Most upvoted comments

@sirius0503

Yeah, as you noted, the properties of the input tensors, the number of the input tensors, and the order of the input tensors is very important for the GPU delegate. So for example, if you are trying to feed in some constant tensor just to see whether things produce the expected number, you’re not gonna have a good time, because you’ll get something like:

Expected 1 input tensor(s), but node has 0 runtime input(s).

You should properly have a placeholder and fill it in, rather than feeding a constant tensor.

Also, it’s the same with the weights and biases. They are supposed to be holding the content after training, so they should be read only constant tensors. If you want to check whether things work, and make them runtime tensors, you will start seeing messages like:

Expected 1 input tensor(s), but node has 2 runtime input(s).

MEAN doesn’t compute the mean of multiple tensors, but just inside a single tensor. It’s added for instance normalization. We probably haven’t studied MEAN too well and didn’t anticipate that use case (maybe it’s a valid thing in TFLite).

I don’t think we ever implemented L2_NORMALIZATION, SUM, and TOPK_V2.

@sirius0503

how did my weights and biases become runtime tensors, can you explain.

Uh, no idea. I am not really familiar with training & converting; I usually only work with finished TFLite files. I wonder whether you set up the TF graph wrong, so that it propagated all the way down to TFLite. Or it could be that there is a bug in TOCO (which I doubt, as everyone must be screaming by now).

are you saying a gpu implementation

That is correct. GPU shader implementation 😃

number of inputs

As a hypothetical example, our ADD implementation currently only takes in 1 or 2 input tensors.
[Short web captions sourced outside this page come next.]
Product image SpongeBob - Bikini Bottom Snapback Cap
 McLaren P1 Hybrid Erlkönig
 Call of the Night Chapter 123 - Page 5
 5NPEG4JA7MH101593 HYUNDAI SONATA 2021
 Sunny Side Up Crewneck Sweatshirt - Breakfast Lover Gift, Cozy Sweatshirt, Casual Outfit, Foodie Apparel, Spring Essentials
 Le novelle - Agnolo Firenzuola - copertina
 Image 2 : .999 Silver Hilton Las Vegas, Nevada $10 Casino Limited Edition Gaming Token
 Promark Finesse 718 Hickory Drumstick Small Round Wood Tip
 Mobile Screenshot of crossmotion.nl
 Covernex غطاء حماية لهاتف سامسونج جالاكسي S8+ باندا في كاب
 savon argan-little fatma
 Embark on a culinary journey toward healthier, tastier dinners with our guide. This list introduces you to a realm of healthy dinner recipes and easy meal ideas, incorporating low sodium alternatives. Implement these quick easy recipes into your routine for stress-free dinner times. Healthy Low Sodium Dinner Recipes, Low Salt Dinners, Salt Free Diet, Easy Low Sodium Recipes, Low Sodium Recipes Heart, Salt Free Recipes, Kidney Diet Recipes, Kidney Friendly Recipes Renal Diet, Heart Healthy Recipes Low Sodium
I think in TFLite, you can do more, but with TFLite GPU, if you do more, it will probably say it can’t handle it.

order of the input tensors

As an example, the input tensors of CONV_2D must be 0: input tensor, 1: weight tensor, and 2: optional bias tensor. You can’t change thh order to, e.g., 0: bias tensor, 1: input tensor, 2: weight tensor, and hope that GPU can figure out the stuff by its own by looking at the tensor dimensions.

@lwu025

The shader code is very sensitive to what a runtime tensor is and what a constant weight / bias is. You might have changed some constant tensors as runtime tensors so that you can easily inspect tensor content, but that’s not compatible with the GPU backend at this point. From:

AVERAGE_POOL_2D: Expected 1 input tensor(s), but node has 0 runtime input(s). CONV_2D: Expected 1 input tensor(s), but node has 0 runtime input(s). CONV_2D: Expected 1 input tensor(s), but node has 2 runtime input(s). CONV_2D: Expected 1 input tensor(s), but node has 3 runtime input(s). DEPTHWISE_CONV_2D: Expected 1 input tensor(s), but node has 2 runtime input(s). DEPTHWISE_CONV_2D: Expected 1 input tensor(s), but node has 3 runtime input(s). RESIZE_BILINEAR: Expected 1 input tensor(s), but node has 2 runtime input(s).

shows that there’s bunch of wrongly connected things, e.g. what’s an AVERAGE_POOL_2D or CONV_2D useful if there’s no runtime tensor?